6 Replies Latest reply on Jun 8, 2010 3:42 PM by swduncan

    Runaway SQL query

      Not sure if this is the forum to post this, but it seems to be the best fit.

      We recently upgraded Solarwinds to 10.5.0.79.  One of the Solarwinds stored procedures [dbm_TrapMessages_DeleteStale] is performing abysmally, taking up 100% CPU time on our SQL Server.

      Anyone else noticed this?

      One of the culprits is this command:

      SELECT TOP 10000 TrapID FROM Traps WHERE DateTime < @date

      As there is no index on the [DateTime] column, SQL Server scans through the table instead (actually a clustered index scan, which amounts to the same thing).  I believe adding a nonclustered index on the [DateTime] column in the [Traps] table will improve performance greatly.  I'll be trying it myself within the next week or so.
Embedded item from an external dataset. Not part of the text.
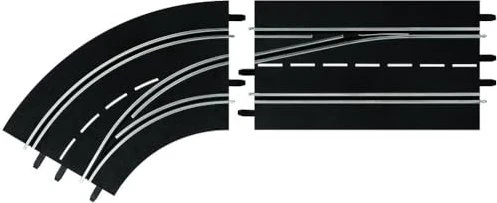 Carrera Digital 124 Zubehör Spurwechselkurve links außen nach innen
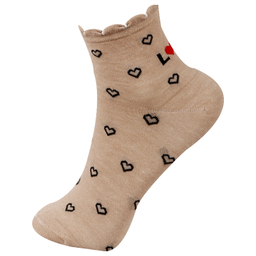 جوراب زنانه آرسس طرح قلب کد 411 مجموعه 6 عددی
      There is another command in that stored procedure that doesn't make much sense:

      SELECT TrapVarBinds.TrapID
      FROM TrapVarBinds
      LEFT JOIN Traps ON TrapVarBinds.TrapID=Traps.TrapID
      WHERE Traps.TrapID IS NULL

      The WHERE predicate will never be true as the [TrapID] column in both the [Traps] and [TrapVarBinds] tables are explicitly defined to not allow nulls.  Again, this is causing extra table scanning.  The WHERE clause should be removed from this statement.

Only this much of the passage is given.